Nachhilfe für Casanova

Ippolito Nievos Roman „Engel an Güte“ hält dem Venedig des Ottocento den Spiegel vor

Von Julia IlgnerRSS-Newsfeed neuer Artikel von Julia Ilgner

Besprochene Bücher / Literaturhinweise

„Bei Weibern weiß man niemals, wo der Engel aufhört und der Teufel anfängt“ wusste Heinrich Heine zu sagen, dieser große Ironiker der deutschen Romantik, mit dem sein Zeitgenosse Ippolito Nievo einiges gemein hat. Mag Nievo auch nicht die entbehrungsreichen Exiljahre Heines in der Pariser „Matratzengruft“ hinter sich haben – dafür war sein Leben viel zu kurz: geboren am 30. November 1848 in Padua, wo er, begleitet von frühem Schreiben, nach einer Zwischenstation in Pavia auch Jura studierte, verstarb er jung, gerade mal 29 Jahre alt, bei einem Schiffsunglück – in der Entlarvung gesellschaftlicher Missstände stand er ihm in nichts nach.

Sind davon noch einige Züge in den „Bekenntnissen eines Italieners“ („Confessioni di un italiano“, 1857/58), dem Werk, das Nievo einen bleibenden Rang in der italienischen Literatur eingebracht hat, spürbar, so durchzieht im Romanerstling eine sezierende Ironie alle Ebenen der Darstellung.
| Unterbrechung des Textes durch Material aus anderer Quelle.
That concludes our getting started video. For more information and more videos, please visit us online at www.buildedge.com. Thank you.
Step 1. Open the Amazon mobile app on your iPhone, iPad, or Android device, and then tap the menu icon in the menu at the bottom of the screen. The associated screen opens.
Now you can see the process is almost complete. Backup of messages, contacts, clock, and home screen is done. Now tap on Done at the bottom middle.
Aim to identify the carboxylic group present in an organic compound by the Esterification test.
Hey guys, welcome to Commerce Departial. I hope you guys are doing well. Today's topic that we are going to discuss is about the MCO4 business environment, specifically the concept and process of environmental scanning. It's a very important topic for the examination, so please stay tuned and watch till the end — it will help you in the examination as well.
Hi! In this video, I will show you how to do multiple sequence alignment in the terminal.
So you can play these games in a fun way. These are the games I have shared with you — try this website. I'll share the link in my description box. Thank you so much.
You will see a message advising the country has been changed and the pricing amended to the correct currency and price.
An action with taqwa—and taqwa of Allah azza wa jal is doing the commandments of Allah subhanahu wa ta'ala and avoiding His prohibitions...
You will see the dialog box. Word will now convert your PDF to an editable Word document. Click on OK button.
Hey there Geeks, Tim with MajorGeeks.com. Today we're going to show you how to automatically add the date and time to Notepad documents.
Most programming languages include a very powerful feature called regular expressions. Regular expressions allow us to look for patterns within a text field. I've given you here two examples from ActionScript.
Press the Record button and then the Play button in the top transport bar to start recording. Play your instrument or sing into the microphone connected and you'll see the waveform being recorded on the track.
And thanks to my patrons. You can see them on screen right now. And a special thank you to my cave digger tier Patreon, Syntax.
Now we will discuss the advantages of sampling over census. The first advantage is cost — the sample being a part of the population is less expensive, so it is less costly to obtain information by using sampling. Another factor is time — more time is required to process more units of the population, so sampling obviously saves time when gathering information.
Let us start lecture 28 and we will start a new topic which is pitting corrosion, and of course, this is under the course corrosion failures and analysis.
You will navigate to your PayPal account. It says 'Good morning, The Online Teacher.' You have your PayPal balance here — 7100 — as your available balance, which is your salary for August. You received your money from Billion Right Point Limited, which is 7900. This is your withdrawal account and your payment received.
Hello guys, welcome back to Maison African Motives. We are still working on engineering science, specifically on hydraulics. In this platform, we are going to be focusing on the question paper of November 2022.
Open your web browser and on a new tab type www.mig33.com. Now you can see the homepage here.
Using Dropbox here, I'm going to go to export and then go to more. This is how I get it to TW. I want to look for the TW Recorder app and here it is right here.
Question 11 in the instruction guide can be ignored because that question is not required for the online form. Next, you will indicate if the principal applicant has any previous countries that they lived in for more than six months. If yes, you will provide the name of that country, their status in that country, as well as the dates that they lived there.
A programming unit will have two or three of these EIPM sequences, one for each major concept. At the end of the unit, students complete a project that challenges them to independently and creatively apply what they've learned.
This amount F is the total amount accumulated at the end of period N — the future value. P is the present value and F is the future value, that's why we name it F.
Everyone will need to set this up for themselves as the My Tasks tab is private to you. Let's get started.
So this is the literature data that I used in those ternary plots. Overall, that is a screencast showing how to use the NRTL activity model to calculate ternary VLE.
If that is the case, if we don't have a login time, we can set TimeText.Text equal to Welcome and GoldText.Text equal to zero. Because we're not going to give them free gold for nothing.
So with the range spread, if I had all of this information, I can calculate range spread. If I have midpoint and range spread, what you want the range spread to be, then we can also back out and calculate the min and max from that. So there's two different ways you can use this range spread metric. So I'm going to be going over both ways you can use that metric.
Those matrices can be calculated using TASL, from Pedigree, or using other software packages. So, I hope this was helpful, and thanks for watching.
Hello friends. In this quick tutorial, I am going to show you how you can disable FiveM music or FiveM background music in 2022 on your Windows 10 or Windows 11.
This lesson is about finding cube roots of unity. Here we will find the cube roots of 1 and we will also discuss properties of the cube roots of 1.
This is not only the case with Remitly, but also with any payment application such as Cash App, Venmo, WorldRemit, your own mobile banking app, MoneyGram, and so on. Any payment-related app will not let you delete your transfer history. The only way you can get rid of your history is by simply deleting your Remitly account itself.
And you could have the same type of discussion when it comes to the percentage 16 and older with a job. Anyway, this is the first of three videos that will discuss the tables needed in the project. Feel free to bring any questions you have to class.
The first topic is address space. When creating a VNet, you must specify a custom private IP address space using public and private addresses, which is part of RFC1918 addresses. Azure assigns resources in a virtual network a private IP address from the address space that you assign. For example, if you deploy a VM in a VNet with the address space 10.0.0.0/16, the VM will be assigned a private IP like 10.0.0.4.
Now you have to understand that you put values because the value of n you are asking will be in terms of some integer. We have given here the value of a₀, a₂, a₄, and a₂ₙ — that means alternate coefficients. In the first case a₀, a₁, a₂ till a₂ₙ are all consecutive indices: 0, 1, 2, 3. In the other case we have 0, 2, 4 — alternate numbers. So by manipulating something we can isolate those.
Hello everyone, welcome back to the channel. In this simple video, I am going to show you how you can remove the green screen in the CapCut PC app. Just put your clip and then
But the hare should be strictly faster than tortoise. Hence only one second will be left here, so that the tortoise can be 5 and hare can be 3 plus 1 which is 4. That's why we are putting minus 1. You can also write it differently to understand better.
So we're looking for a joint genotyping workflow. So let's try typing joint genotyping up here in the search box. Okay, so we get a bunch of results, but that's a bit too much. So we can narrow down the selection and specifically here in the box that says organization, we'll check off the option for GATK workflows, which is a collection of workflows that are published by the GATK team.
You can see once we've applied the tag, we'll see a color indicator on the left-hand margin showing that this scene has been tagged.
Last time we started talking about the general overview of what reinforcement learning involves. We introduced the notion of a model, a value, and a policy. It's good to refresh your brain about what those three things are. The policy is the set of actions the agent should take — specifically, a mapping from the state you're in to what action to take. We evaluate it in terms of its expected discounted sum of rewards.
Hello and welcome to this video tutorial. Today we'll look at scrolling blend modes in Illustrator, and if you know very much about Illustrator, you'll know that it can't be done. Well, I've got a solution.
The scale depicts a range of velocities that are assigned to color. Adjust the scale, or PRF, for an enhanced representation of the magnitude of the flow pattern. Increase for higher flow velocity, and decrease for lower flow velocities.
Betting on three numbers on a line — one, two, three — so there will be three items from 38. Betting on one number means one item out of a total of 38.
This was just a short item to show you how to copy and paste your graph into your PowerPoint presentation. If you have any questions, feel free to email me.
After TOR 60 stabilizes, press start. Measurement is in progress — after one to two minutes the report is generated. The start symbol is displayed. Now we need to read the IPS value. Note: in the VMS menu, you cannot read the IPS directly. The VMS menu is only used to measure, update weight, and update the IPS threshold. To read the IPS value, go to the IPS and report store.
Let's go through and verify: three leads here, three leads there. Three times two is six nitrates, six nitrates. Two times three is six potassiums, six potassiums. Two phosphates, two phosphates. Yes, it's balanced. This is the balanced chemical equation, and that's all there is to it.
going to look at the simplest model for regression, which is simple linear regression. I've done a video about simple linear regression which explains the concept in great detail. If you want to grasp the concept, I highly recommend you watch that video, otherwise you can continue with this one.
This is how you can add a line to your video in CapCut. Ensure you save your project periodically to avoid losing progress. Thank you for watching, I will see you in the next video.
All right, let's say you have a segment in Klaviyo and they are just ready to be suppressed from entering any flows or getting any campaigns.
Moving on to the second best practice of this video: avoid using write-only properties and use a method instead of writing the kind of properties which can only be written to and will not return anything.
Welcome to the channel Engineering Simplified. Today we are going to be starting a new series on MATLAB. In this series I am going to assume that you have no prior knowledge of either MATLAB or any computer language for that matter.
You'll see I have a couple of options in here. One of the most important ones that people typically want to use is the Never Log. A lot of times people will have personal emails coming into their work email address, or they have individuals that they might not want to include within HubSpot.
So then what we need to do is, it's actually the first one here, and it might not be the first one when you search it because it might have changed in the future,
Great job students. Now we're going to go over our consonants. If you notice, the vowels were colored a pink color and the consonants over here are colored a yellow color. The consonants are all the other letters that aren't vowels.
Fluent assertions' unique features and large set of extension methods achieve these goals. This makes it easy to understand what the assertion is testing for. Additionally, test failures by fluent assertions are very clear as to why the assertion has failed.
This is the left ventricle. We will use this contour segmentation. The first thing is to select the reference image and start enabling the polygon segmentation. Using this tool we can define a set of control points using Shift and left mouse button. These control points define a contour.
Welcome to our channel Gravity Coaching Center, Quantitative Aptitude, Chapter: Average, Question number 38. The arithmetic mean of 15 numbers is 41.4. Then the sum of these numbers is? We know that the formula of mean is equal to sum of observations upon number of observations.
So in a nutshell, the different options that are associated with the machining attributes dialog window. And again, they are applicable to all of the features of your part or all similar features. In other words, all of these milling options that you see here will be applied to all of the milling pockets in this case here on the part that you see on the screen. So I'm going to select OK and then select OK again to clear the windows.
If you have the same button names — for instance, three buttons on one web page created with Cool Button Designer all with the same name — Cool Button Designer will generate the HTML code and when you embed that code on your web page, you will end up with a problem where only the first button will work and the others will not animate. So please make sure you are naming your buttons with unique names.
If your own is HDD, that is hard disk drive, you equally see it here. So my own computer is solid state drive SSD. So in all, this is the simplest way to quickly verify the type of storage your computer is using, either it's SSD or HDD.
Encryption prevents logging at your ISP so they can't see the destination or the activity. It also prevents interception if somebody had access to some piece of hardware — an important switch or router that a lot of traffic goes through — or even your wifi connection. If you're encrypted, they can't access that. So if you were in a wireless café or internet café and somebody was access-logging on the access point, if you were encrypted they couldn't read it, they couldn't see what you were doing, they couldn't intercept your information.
Dabei mutet der zwischen Sittenbild, politischem Intrigenspiel und Liebesgeschichte changierende „Engel an Güte“ („Angelo di bontá“) zunächst wie eine ganz klassisch-historische Fabel aus der nationalen Vergangenheit an. 1856 erschienen, schweift der Blick zurück in das vergangene Jahrhundert und zeichnet ein illustres Gemälde der venezianischen Gesellschaft. Die Handlung beginnt „am ersten Sonntag im Mai des Jahres 1749“, Schauplatz ist das Kloster der Seraphinerinnen, genauer: der Konventsaal. Dort treffen wir auf die kaum volljährige Halbweise Morosina, titelgebende Protagonistin des Romans, die im Begriff ist, den Ort ihrer Erziehung zu verlassen und in die bunte Welt der Gesellschaft einzutreten. Wie eine Fleisch gewordene Botin Cherubims mutet diese bereits physiognomisch an: Morosina ist ein „hübsches blondes Mädchen“ von zartem Wuchs, das sich mit „wahrhaft venezianischer Geschmeidigkeit“ bewegt. Bei der kleinsten Störung der Ordnung vergießt sie echte Tränen und ist stets um das Wahre, Gute und Schöne besorgt.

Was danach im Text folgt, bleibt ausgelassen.